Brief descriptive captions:
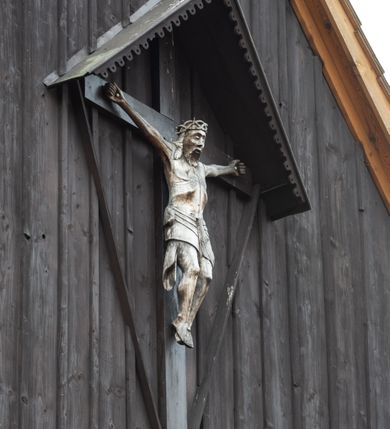 Zdjęcie nr 8: Kościół z drewna modrzewiowego o konstrukcji zrębowej, na betonowej podmurówce, otoczony drewnianym ogrodzeniem. Bryła składa się z korpusu nawowego na planie prostokąta oraz z wydłużonego, prostokątnego prezbiterium z zakrystią na przedłużeniu, węższego od nawy, zakończonego ścianą prostą, skierowanego na południe. Od strony północnej dobudowana jest prostokątna kruchta, od zachodu dwa przedsionki na dwóch skrajnych bokach –  przy nawie i prezbiterium. 
Trójprzęsłowe prezbiterium nakryte jest  sklepieniem pozornym zwierciadlanym, które przedłuża się nad nawę środkową. Ściany prezbiterium artykułowane pilastrami dzielą je na trzy przęsła. Kapitele pilastrów dźwigają nasadniki, które podtrzymują gzymsik. Przedłużeniem kapiteli w strefie stropu są płaskie belki biegnące przez całą jego szerokość, wyznaczając tym samym pola, w których umieszczono polichromię. Po obu stronach ołtarza drzwi w kształcie stojącego prostokąta. Prezbiterium od korpusu nawowego oddzielone silnie wystającą belką sklepienia oraz belką tęczową z grupą Ukrzyżowania. 
Korpus o trzech nawach o układzie halowym, z których środkowa jest dwa razy szersza od bocznych, trójprzęsłowa, z nawami oddzielonymi kanelowanymi filarami z nasadnikami podtrzymującymi gzyms. Nawy boczne nakryte kolebką. Na linii filarów pilastry na ścianach, łączą je poprzeczne belki sklepienia. W ostatnim przęśle chór muzyczny wsparty na dwóch filarach, z pełnym parapetem występującym w części środkowej trójbocznie do przodu. Jego krawędź dolna dekorowana jest lambrekinem. Ściany kościoła pokryte polichormią, pomalowane na jasnożółto, z jasnozielonymi podporami i brązowymi liniami podziału stropu. Te elementy wyznaczają ramy wypełnione polami z dekoracją ornamentalną w kształcie prostokątów i scenami figuralnymi zamkniętymi w kołach. 
Otwory okienne w drugim i trzecim przęśle nawy, od wschodu i zachodu, prostokątne. Także w prezbiterium po jednym prostokątnym oknie z każdej strony. Od strony wejścia dwa niewielkie okna prostokątne ponad kruchtą. Na ścianie zamknięcia zakrystii cztery prostokątne, symetrycznie rozłożone okna. 
 Fasada poprzedzona przedsionkiem w kształcie prostopadłościanu nakrytego dachem dwuspadowym, z przyczółkiem. Otwór drzwiowy w formie stojącego prostokąta, a w szczycie przyczółka trójkątne, wielodzielne okienko. Fasada w kształcie leżącego prostokąta z trójkątnym szczytem, części oddzielone daszkiem pulpitowym. Po dwóch stronach przedsionka prostokątne okna, w szczycie fasady  nakryty daszkiem krucyfiks. 
Elewacje zewnętrzne na podmurówce, artykułowane jedynie pionowymi, wystającymi przed lico belkami, przeprute oknami. Nad nawą i prezbiterium dachy dwuspadowe, nad prezbiterium niższy niż nad nawą, kryty blachą. Nad nawą wieżyczka na sygnaturkę zwieńczona cebulastym hełmem i krzyżem na szczycie. Na końcach dachu przy prezbiterium i nawie metalowe krzyże. 
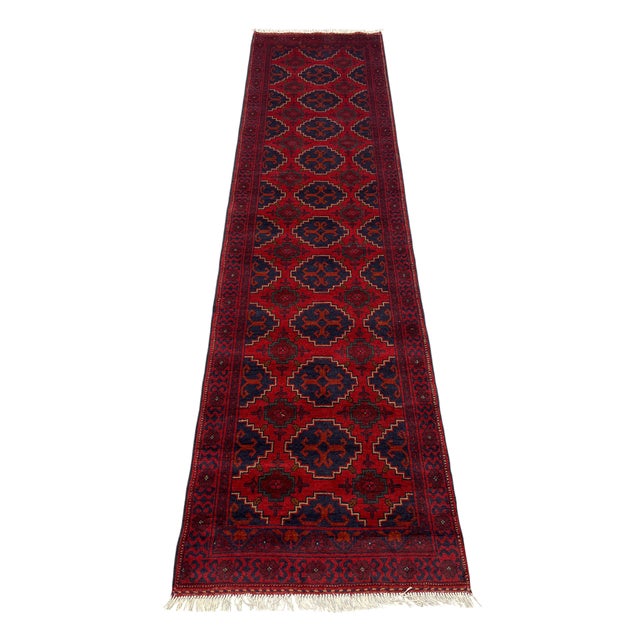 Repeating navy medallions create a bold geometric pattern across the rich red field of this tribal runner. Smaller motifs,...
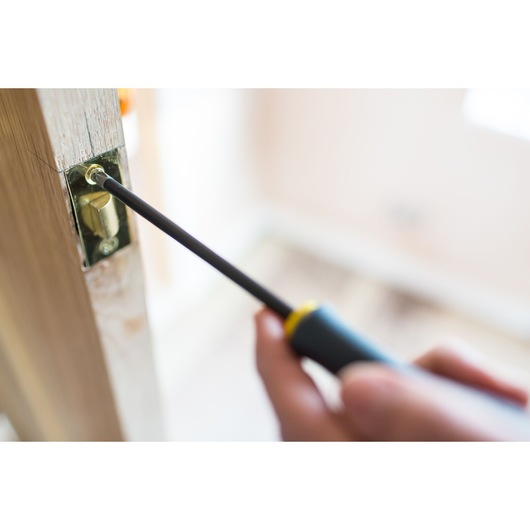 STANLEY FMHT0-62064 screwdriver used to install door lock, close-up photography.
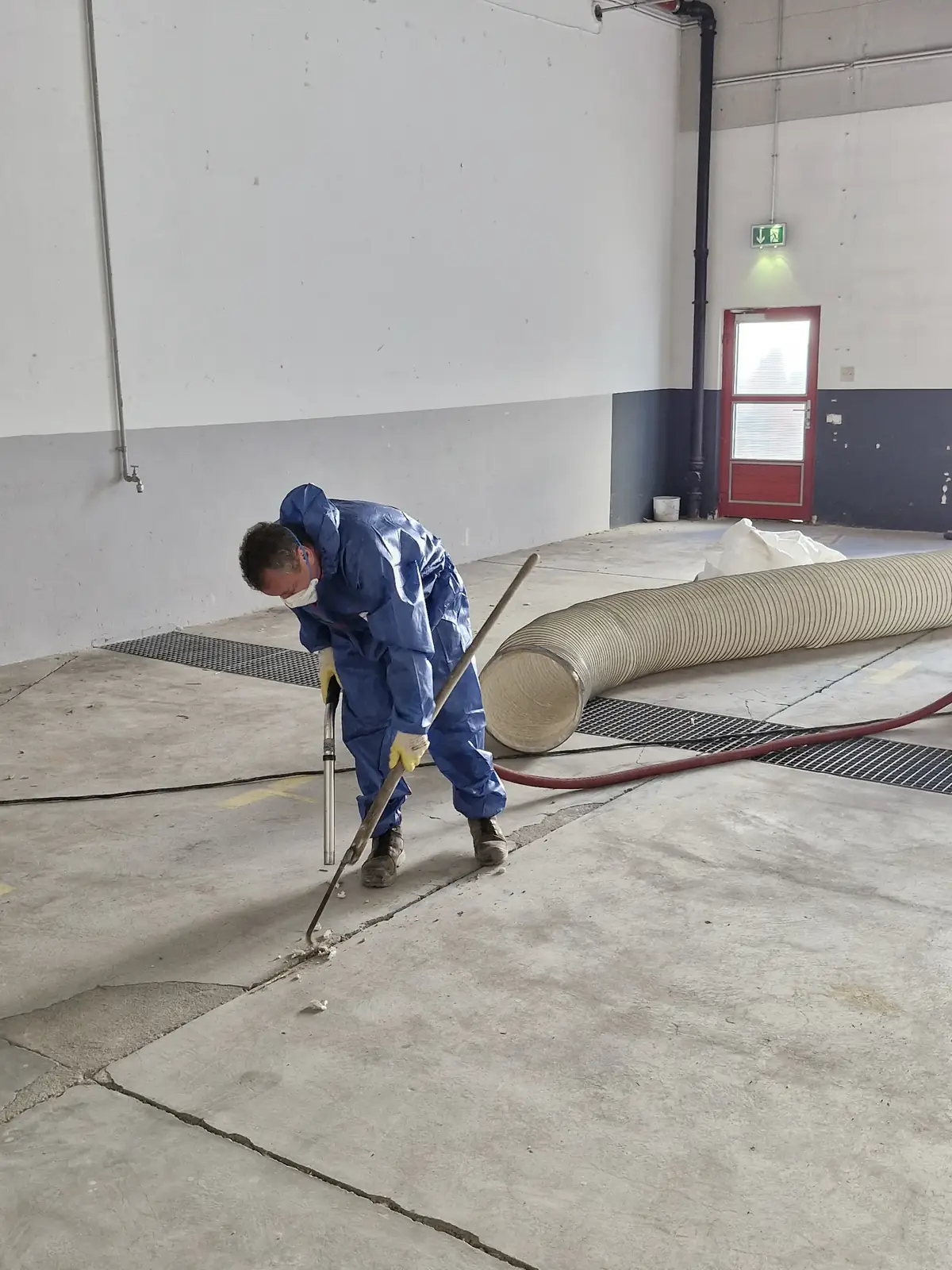Facharbeiter beim Bodenabtrag in einer Industriehalle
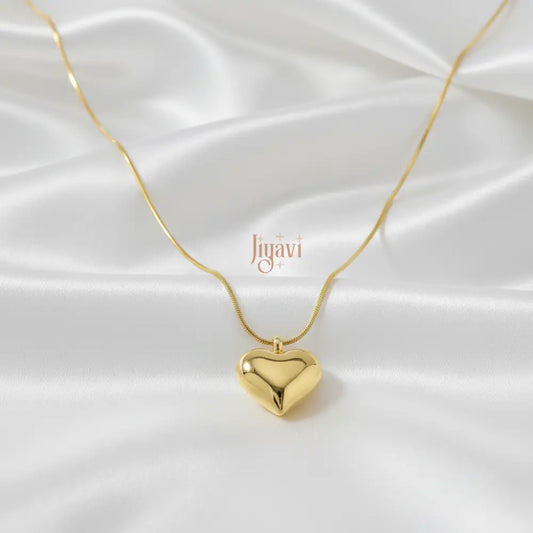 Gold heart-shaped pendant necklace on a white satin background with 'Jovani' branding.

» Work item
Set the data above down again exactly as given, with no pictures.

» Answer to the exercise
 Zdjęcie nr 8: Kościół z drewna modrzewiowego o konstrukcji zrębowej, na betonowej podmurówce, otoczony drewnianym ogrodzeniem. Bryła składa się z korpusu nawowego na planie prostokąta oraz z wydłużonego, prostokątnego prezbiterium z zakrystią na przedłużeniu, węższego od nawy, zakończonego ścianą prostą, skierowanego na południe. Od strony północnej dobudowana jest prostokątna kruchta, od zachodu dwa przedsionki na dwóch skrajnych bokach –  przy nawie i prezbiterium. 
Trójprzęsłowe prezbiterium nakryte jest  sklepieniem pozornym zwierciadlanym, które przedłuża się nad nawę środkową. Ściany prezbiterium artykułowane pilastrami dzielą je na trzy przęsła. Kapitele pilastrów dźwigają nasadniki, które podtrzymują gzymsik. Przedłużeniem kapiteli w strefie stropu są płaskie belki biegnące przez całą jego szerokość, wyznaczając tym samym pola, w których umieszczono polichromię. Po obu stronach ołtarza drzwi w kształcie stojącego prostokąta. Prezbiterium od korpusu nawowego oddzielone silnie wystającą belką sklepienia oraz belką tęczową z grupą Ukrzyżowania. 
Korpus o trzech nawach o układzie halowym, z których środkowa jest dwa razy szersza od bocznych, trójprzęsłowa, z nawami oddzielonymi kanelowanymi filarami z nasadnikami podtrzymującymi gzyms. Nawy boczne nakryte kolebką. Na linii filarów pilastry na ścianach, łączą je poprzeczne belki sklepienia. W ostatnim przęśle chór muzyczny wsparty na dwóch filarach, z pełnym parapetem występującym w części środkowej trójbocznie do przodu. Jego krawędź dolna dekorowana jest lambrekinem. Ściany kościoła pokryte polichormią, pomalowane na jasnożółto, z jasnozielonymi podporami i brązowymi liniami podziału stropu. Te elementy wyznaczają ramy wypełnione polami z dekoracją ornamentalną w kształcie prostokątów i scenami figuralnymi zamkniętymi w kołach. 
Otwory okienne w drugim i trzecim przęśle nawy, od wschodu i zachodu, prostokątne. Także w prezbiterium po jednym prostokątnym oknie z każdej strony. Od strony wejścia dwa niewielkie okna prostokątne ponad kruchtą. Na ścianie zamknięcia zakrystii cztery prostokątne, symetrycznie rozłożone okna. 
 Fasada poprzedzona przedsionkiem w kształcie prostopadłościanu nakrytego dachem dwuspadowym, z przyczółkiem. Otwór drzwiowy w formie stojącego prostokąta, a w szczycie przyczółka trójkątne, wielodzielne okienko. Fasada w kształcie leżącego prostokąta z trójkątnym szczytem, części oddzielone daszkiem pulpitowym. Po dwóch stronach przedsionka prostokątne okna, w szczycie fasady  nakryty daszkiem krucyfiks. 
Elewacje zewnętrzne na podmurówce, artykułowane jedynie pionowymi, wystającymi przed lico belkami, przeprute oknami. Nad nawą i prezbiterium dachy dwuspadowe, nad prezbiterium niższy niż nad nawą, kryty blachą. Nad nawą wieżyczka na sygnaturkę zwieńczona cebulastym hełmem i krzyżem na szczycie. Na końcach dachu przy prezbiterium i nawie metalowe krzyże. 
 Repeating navy medallions create a bold geometric pattern across the rich red field of this tribal runner. Smaller motifs,...
 STANLEY FMHT0-62064 screwdriver used to install door lock, close-up photography.
Facharbeiter beim Bodenabtrag in einer Industriehalle
 Gold heart-shaped pendant necklace on a white satin background with 'Jovani' branding.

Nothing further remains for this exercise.